Given records:
========
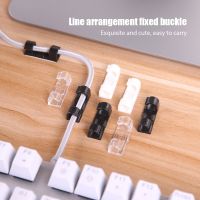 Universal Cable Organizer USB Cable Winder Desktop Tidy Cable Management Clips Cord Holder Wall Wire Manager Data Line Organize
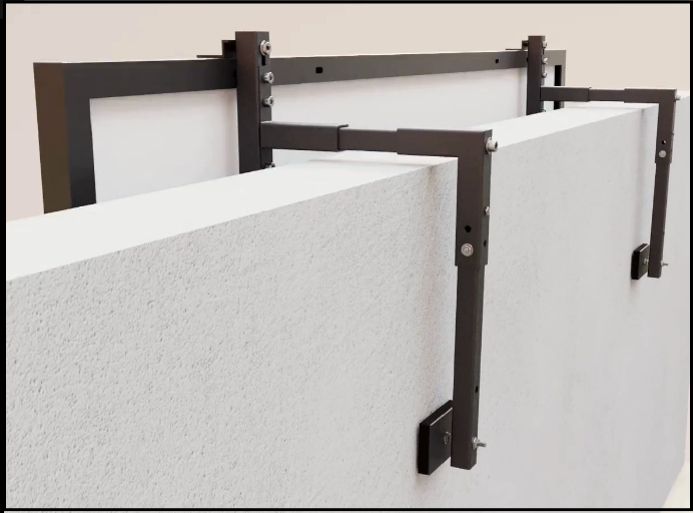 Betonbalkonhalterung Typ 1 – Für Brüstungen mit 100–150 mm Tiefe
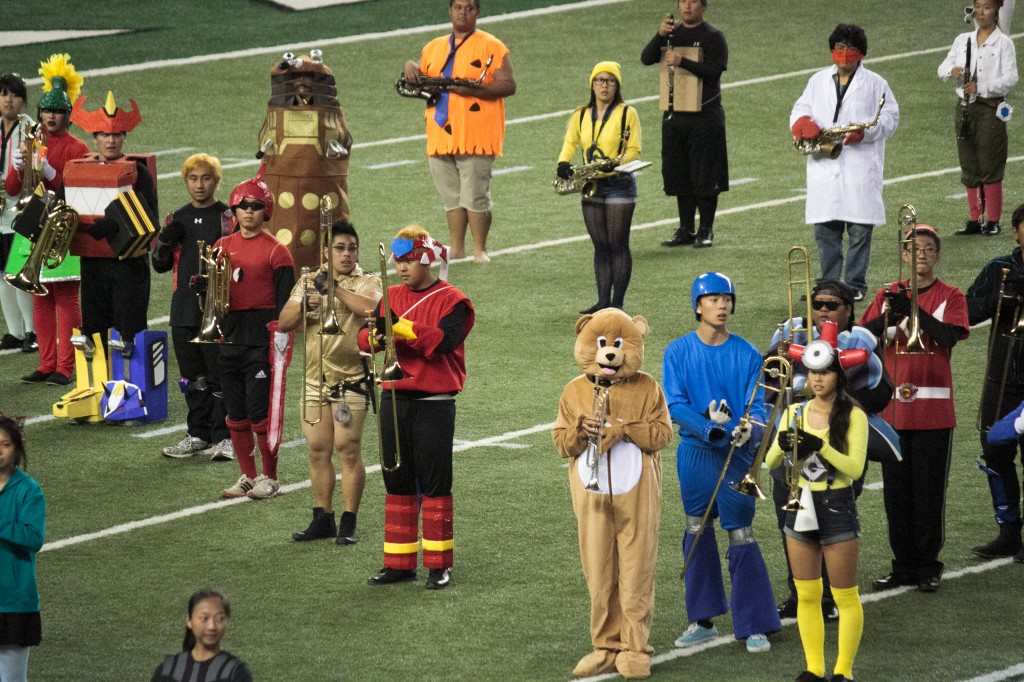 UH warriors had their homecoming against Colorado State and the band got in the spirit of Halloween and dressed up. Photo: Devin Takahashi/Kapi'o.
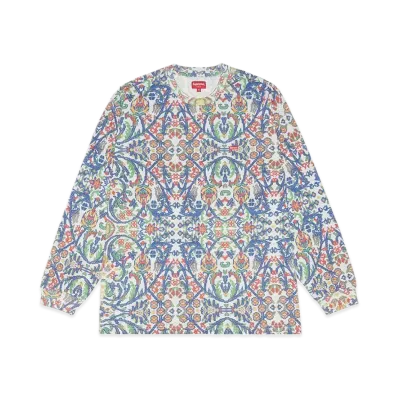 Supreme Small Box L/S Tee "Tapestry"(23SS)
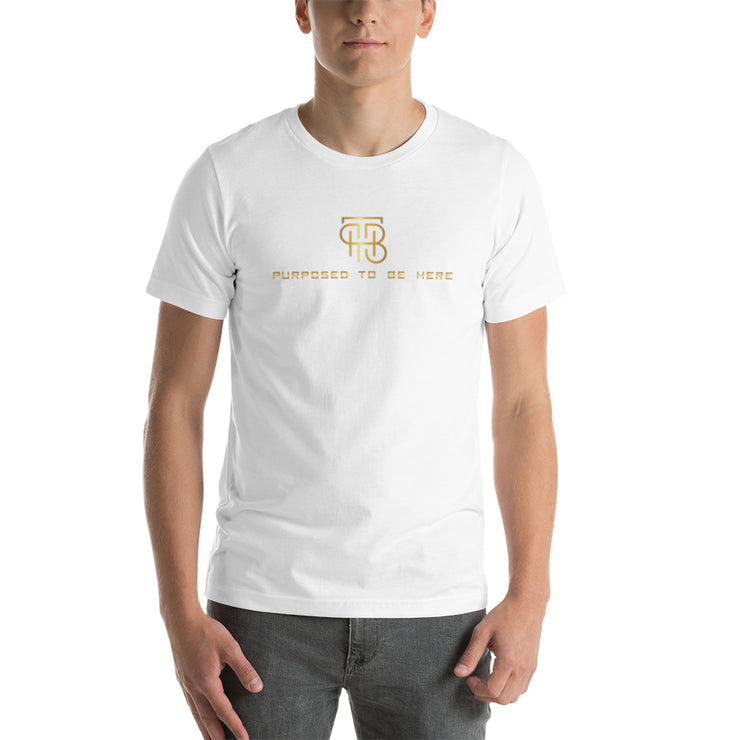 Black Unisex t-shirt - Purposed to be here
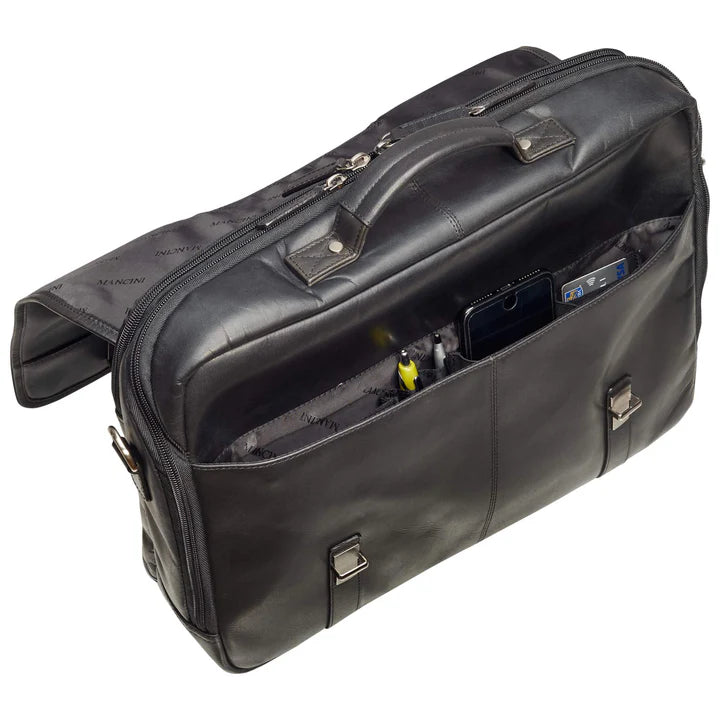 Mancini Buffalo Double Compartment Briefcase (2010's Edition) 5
========
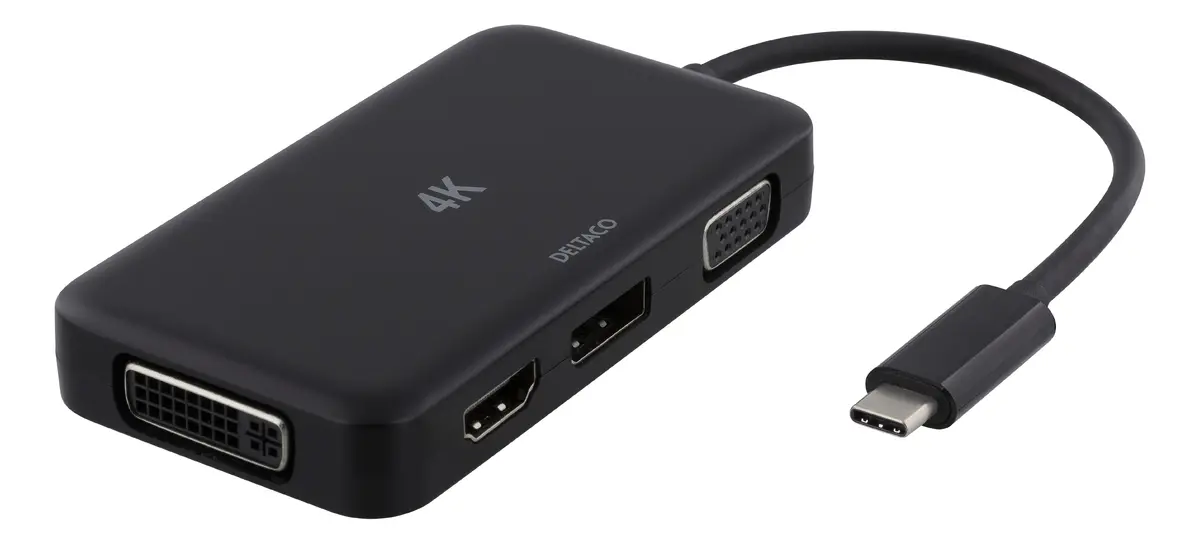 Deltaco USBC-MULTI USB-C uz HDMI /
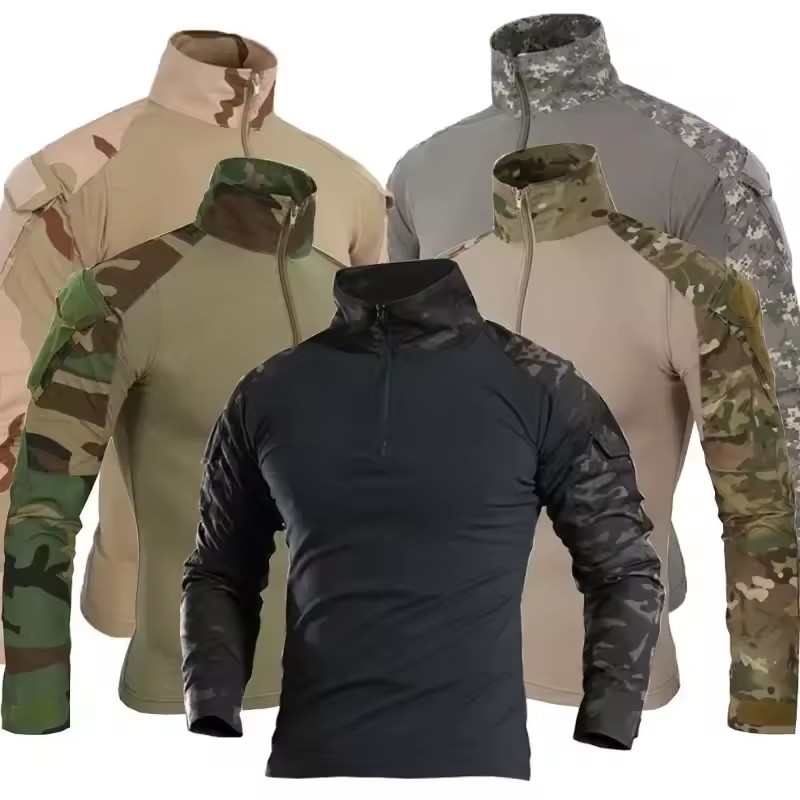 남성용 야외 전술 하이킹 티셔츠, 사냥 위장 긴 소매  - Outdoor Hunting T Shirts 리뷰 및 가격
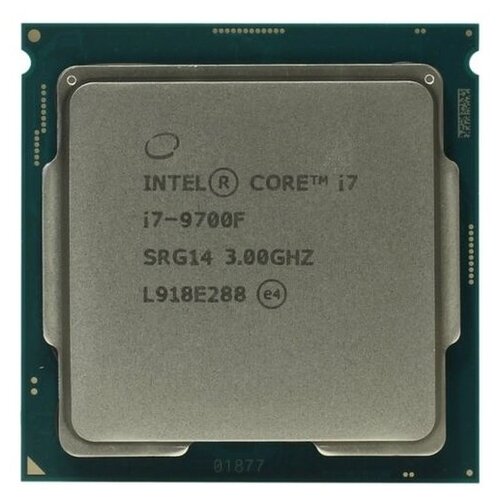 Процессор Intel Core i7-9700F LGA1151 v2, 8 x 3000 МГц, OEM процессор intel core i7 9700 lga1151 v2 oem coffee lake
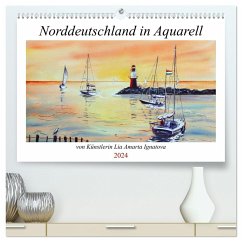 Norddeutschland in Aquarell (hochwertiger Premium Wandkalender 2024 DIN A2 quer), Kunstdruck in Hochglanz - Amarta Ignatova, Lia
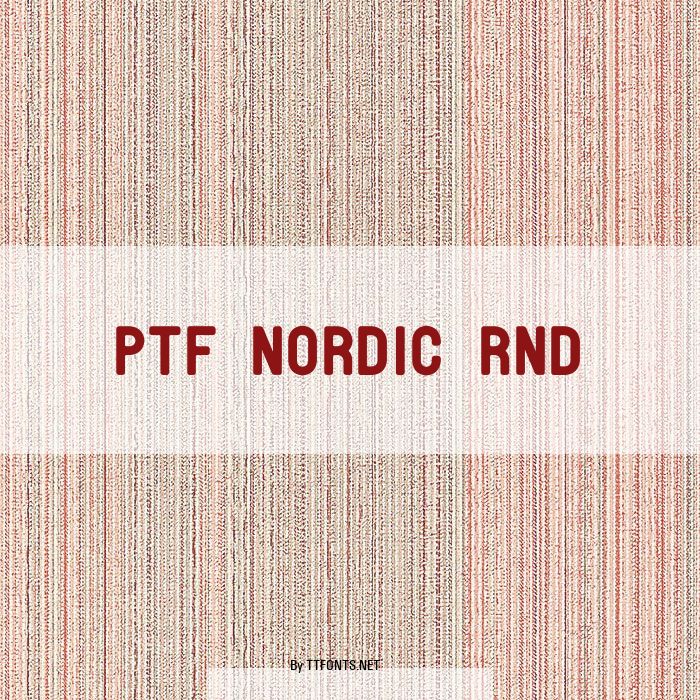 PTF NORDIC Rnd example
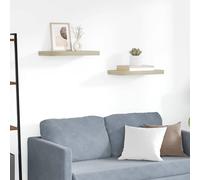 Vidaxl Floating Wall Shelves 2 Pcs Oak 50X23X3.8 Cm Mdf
========
Your reply is to be an exact repeat of the listing above from the line holding "UH warriors had" down to the line holding "Mancini Buffalo Double", ends included, pictures excluded.

 UH warriors had their homecoming against Colorado State and the band got in the spirit of Halloween and dressed up. Photo: Devin Takahashi/Kapi'o.
 Supreme Small Box L/S Tee "Tapestry"(23SS)
 Black Unisex t-shirt - Purposed to be here
 Mancini Buffalo Double Compartment Briefcase (2010's Edition) 5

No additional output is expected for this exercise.